Hello! I’m Cristiano Ferreira, one of the Developer Relations Engineers at Oculus. One of my team’s primary responsibilities is to help game developers optimize their games to run as efficiently as possible on all of our hardware offerings. In my experience getting Oculus Rift ports to run at perf on Oculus Quest, i’ve found quite a few easily identifiable rendering patterns that could help point towards opportunities for optimization on both the render thread and GPU. The following will show you how to identify issues and how to alleviate them. If you haven’t checked out the previous articles in the series, see the links below:
Forward rendering is rather straightforward... ha! Sorry. Forward rendering simply draws the mesh that you dispatch via draw call and renders directly to the frame buffer. Lighting is calculated in the fragment and/or vertex shaders and applied to the model in the draw call it is issued. The negative effect of this method is that dynamic / important lights may require additional passes. GPU cost is determined by the amount of geometry per-model, the amount of required passes and the lighting model complexity where in deferred rendering, lighting is calculated in screen space.

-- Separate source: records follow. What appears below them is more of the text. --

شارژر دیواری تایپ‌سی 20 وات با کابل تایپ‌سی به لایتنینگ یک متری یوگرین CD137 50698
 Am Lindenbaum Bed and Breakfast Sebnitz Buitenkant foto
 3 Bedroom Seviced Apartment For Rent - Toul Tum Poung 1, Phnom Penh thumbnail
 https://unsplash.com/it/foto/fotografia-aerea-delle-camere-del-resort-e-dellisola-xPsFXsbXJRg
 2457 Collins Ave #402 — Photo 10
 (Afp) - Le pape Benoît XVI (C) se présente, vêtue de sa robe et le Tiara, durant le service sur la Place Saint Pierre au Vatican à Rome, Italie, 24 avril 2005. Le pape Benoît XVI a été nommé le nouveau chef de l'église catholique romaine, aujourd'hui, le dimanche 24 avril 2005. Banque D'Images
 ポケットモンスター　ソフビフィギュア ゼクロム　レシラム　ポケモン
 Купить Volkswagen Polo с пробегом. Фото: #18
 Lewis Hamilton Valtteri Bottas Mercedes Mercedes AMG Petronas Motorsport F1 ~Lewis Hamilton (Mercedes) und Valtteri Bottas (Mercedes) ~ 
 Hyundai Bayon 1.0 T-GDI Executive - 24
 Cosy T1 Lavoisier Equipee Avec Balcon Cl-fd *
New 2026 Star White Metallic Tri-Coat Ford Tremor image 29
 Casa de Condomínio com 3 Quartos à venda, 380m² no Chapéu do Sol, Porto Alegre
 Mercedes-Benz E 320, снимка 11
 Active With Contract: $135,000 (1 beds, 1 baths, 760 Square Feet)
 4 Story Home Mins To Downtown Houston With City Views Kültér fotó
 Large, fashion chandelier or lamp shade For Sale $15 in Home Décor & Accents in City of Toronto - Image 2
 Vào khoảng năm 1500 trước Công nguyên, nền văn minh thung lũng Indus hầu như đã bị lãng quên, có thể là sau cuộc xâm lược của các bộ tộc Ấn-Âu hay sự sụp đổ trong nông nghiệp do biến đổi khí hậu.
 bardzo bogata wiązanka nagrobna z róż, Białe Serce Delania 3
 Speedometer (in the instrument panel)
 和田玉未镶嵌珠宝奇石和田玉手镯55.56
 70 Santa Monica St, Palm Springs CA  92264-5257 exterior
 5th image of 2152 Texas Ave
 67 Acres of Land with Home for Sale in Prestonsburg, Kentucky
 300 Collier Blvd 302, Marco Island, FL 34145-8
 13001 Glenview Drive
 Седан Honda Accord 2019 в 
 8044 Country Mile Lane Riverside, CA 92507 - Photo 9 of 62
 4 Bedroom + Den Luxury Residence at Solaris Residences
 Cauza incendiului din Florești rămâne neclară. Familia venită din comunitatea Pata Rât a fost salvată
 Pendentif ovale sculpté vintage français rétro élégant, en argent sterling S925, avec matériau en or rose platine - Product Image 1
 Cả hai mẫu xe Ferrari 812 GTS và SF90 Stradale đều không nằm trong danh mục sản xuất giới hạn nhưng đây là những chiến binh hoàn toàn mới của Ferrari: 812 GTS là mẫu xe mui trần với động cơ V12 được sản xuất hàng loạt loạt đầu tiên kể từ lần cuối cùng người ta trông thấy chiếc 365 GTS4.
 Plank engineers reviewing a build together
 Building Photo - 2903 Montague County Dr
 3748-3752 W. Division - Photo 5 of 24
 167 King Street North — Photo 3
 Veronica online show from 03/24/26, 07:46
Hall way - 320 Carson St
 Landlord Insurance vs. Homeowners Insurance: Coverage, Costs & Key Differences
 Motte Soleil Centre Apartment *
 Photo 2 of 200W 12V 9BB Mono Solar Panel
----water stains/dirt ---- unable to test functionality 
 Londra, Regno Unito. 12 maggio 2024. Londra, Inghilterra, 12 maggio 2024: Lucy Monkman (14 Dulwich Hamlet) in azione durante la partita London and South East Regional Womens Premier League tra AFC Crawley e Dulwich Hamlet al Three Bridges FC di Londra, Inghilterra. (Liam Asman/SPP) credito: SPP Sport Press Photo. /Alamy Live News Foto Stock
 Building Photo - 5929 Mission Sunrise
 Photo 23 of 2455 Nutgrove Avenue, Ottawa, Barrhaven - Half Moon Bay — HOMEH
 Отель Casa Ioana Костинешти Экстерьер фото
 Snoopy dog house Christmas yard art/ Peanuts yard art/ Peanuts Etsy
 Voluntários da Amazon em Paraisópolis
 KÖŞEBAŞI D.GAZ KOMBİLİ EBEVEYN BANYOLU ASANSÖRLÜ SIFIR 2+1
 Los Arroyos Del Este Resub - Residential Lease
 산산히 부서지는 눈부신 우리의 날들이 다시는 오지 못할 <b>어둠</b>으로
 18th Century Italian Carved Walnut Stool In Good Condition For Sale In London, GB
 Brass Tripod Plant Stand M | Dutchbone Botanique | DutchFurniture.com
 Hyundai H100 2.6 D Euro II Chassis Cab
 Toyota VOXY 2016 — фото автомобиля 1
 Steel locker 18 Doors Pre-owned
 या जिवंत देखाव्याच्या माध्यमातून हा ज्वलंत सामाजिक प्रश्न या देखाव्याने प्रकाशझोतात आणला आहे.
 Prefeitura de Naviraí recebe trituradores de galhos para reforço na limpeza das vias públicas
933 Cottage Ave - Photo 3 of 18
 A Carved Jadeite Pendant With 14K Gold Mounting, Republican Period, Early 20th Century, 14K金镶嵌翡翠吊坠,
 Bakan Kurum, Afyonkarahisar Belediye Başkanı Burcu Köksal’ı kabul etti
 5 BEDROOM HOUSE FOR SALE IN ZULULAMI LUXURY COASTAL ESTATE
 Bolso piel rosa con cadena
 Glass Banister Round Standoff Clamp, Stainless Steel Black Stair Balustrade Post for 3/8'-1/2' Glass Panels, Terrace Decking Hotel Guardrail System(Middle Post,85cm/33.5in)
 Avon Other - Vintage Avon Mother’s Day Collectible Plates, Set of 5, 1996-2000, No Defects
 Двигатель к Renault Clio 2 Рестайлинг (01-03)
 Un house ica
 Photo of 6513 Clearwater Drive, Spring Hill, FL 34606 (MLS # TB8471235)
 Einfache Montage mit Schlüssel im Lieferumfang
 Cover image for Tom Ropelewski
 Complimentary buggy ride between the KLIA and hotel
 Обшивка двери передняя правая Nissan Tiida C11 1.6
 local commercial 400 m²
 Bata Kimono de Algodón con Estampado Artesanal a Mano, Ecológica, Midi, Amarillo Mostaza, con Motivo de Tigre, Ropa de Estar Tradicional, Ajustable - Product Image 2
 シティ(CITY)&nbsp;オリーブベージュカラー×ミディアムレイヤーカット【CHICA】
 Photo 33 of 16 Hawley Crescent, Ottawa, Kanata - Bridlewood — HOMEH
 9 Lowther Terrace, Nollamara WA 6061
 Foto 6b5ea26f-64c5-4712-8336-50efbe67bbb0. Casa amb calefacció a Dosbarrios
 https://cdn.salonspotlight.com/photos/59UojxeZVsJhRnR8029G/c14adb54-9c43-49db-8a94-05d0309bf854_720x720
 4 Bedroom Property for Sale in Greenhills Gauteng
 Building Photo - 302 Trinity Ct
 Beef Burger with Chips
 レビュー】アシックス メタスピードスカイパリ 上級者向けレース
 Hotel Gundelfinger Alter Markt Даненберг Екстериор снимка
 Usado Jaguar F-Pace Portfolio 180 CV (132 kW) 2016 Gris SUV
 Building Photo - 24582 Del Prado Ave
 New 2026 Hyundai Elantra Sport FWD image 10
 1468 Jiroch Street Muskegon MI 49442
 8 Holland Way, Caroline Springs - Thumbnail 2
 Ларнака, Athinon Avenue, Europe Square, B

Deferred Rendering basically means that you defer lighting calculations until after you complete your base pass. The base pass in deferred rendering is different than the base pass in forward rendering in that you are writing to multiple render targets called a Gbuffer (geometric buffer). The Gbuffer contains multiple render targets that define albedo (color), normals, roughness values, etc., really anything you need to calculate lighting without the need to re-run the model through the graphics pipeline. The next phase after writing all of these values is to do a lighting pass in screen space using the previously generated g-buffer. The benefit to this method is that lighting calculations are done in screen space which decouples geometric complexity from lighting. The issue with deferred rendering is that in the lighting pass phase you need to resolve however many render targets are in your GBuffer which can eat up nearly half of your frame budget alone. This doesn’t even include the lighting pass which is fairly expensive since you need to calculate lighting for each pixel on the very high-resolution Oculus Quest screen. Forward rendering is the move!
The above RenderDoc screenshot shows a capture of a game using the deferred rendering method. The arrows show each of the render targets that are all drawn to for each individual draw call. These render targets are then used as input textures for the lighting calculation. For comparison, see the RenderDoc capture of a game using the forward rendering method below:
References: Forward + Deferred Rendering
The generated shader bytecode for each draw call can be viewed within RenderDoc to see exactly what your shader compiles into. The best way to optimize is to look at draw calls that take a relatively high amount of time to complete if geometry count is low and there isn’t a crazy amount of pixel coverage. The more you use RenderDoc the more you start to get a sixth sense for where to look. Developers I work with have found that between 25-50 instructions is generally a sweet spot for shaders to achieve desired look while keeping performance optimal, but you really need to consider the amount of complex math instructions, texture lookups and potential pixel coverage. In general, it’s recommended to make a limited set of uber shaders to maximize batching and minimize setpass / pipeline changes. A side benefit is that you only have to worry about the generated code for a small set of shaders at a time. When using a limited set of uber shaders, performance enhancements of only those few shaders propagates to all meshes in those logical groups. For instance, if your game takes place in a city, you can have an environment shader for buildings, concrete sidewalks, roofs, etc. and another for skinned characters. This will also allow you to easily merge meshes and create mesh LODs (level of detail) / HLODs (hierarchical level of detail) without worrying about the pipeline state breaking them.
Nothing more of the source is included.